*** Begin section ***

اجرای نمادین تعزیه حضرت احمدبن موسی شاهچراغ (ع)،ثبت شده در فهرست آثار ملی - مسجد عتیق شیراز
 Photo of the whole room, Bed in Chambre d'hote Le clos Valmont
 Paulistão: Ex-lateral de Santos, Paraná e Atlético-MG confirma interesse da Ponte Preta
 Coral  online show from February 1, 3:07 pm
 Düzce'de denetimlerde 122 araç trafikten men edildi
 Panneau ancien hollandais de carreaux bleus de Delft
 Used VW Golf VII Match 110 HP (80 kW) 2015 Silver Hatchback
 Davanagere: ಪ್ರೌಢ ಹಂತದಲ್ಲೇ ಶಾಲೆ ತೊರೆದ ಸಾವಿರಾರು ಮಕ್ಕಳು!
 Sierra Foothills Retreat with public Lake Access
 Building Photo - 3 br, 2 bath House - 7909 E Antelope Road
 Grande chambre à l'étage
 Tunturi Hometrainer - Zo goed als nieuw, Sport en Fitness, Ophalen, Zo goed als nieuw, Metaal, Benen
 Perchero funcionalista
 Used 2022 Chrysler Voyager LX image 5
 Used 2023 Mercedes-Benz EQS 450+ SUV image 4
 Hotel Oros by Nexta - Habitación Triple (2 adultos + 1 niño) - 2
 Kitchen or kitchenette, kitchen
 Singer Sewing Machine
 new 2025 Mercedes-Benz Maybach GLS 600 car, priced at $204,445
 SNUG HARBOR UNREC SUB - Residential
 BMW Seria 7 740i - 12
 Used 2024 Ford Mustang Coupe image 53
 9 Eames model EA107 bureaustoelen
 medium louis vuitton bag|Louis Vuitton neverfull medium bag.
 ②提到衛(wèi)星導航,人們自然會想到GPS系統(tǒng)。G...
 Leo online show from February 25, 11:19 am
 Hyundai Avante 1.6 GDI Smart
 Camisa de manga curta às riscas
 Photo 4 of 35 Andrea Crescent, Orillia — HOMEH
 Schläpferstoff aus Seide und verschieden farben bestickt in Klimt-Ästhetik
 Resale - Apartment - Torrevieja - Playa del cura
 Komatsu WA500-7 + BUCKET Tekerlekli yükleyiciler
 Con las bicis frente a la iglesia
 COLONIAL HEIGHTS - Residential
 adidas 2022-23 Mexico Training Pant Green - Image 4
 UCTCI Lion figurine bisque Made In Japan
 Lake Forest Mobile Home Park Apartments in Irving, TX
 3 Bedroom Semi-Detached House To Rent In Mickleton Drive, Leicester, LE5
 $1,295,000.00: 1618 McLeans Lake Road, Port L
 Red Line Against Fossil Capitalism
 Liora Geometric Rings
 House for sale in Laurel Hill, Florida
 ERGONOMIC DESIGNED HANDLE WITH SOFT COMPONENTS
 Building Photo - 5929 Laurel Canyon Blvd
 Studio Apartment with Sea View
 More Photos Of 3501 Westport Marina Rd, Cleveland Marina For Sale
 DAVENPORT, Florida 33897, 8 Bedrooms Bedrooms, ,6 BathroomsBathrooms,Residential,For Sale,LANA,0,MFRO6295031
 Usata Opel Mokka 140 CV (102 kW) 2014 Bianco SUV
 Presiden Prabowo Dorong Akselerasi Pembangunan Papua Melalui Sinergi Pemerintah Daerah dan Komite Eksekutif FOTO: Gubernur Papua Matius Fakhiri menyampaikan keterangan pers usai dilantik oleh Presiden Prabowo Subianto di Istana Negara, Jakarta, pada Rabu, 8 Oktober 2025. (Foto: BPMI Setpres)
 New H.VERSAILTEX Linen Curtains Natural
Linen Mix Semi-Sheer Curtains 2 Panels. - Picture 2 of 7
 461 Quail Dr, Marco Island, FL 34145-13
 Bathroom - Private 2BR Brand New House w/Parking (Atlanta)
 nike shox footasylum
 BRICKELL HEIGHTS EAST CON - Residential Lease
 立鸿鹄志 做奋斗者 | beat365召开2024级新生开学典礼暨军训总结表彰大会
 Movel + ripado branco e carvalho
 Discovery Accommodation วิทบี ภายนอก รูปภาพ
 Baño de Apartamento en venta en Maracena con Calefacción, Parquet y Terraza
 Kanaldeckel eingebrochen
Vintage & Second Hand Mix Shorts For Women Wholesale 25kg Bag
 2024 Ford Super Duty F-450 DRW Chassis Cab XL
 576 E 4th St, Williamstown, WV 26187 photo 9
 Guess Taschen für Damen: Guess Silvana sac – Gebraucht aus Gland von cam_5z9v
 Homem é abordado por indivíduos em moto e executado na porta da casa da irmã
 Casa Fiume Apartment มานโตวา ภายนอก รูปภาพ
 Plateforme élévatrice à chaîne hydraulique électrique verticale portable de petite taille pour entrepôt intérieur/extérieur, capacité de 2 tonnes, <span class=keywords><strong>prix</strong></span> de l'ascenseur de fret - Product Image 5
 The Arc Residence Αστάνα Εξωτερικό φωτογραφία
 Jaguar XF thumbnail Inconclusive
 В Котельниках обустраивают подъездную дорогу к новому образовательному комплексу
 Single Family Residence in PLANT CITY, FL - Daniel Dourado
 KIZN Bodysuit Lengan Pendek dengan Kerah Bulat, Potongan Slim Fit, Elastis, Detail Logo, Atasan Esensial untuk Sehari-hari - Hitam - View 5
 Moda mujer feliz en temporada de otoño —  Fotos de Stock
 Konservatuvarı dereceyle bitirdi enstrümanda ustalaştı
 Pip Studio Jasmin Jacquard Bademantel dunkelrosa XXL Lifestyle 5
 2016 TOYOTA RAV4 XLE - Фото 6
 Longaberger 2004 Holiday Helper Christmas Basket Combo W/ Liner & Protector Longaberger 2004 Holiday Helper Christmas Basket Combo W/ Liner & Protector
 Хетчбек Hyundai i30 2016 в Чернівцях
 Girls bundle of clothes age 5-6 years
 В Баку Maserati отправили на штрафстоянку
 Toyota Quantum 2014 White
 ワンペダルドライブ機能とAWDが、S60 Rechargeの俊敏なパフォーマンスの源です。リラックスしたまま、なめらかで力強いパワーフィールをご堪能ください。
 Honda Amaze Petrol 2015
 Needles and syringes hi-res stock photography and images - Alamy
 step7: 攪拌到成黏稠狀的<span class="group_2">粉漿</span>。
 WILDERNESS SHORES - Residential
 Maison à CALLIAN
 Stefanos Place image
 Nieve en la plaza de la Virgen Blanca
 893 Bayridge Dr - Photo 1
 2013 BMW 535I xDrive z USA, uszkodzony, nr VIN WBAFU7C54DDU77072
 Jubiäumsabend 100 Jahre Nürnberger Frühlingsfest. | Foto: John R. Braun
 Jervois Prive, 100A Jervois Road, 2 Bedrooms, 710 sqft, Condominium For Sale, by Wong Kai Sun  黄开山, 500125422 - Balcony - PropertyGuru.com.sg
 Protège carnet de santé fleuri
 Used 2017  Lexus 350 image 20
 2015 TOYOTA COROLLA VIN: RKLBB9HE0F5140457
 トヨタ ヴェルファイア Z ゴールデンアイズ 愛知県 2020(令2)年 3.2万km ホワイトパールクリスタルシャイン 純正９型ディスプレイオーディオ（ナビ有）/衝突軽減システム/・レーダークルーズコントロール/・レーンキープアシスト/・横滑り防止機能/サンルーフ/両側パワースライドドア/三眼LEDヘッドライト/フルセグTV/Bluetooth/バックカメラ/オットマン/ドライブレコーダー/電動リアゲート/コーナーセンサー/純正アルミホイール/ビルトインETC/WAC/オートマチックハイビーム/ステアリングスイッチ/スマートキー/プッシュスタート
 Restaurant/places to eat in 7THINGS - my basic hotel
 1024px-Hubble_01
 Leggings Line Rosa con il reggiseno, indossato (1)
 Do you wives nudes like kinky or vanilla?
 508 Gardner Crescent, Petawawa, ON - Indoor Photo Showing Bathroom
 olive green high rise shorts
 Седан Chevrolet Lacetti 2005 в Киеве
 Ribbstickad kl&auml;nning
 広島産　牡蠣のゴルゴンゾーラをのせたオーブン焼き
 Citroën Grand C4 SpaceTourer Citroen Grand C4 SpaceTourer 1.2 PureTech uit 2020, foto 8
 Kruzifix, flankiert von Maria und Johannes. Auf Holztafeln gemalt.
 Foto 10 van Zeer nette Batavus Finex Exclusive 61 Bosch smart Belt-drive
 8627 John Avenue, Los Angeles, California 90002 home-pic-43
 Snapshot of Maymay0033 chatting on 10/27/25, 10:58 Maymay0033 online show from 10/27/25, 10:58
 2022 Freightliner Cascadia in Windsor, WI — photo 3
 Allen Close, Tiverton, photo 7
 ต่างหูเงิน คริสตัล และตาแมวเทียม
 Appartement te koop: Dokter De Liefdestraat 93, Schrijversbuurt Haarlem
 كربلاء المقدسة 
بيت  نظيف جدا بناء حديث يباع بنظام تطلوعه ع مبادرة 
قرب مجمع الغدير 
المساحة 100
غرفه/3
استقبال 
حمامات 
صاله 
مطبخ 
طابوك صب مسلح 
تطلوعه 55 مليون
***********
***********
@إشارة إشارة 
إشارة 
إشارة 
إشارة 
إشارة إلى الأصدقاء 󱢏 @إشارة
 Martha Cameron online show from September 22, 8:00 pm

*** End section ***

Problem details:
Going through the listing above, copy out every line that has the string "span".

Answer section:
 Plateforme élévatrice à chaîne hydraulique électrique verticale portable de petite taille pour entrepôt intérieur/extérieur, capacité de 2 tonnes, <span class=keywords><strong>prix</strong></span> de l'ascenseur de fret - Product Image 5
 step7: 攪拌到成黏稠狀的<span class="group_2">粉漿</span>。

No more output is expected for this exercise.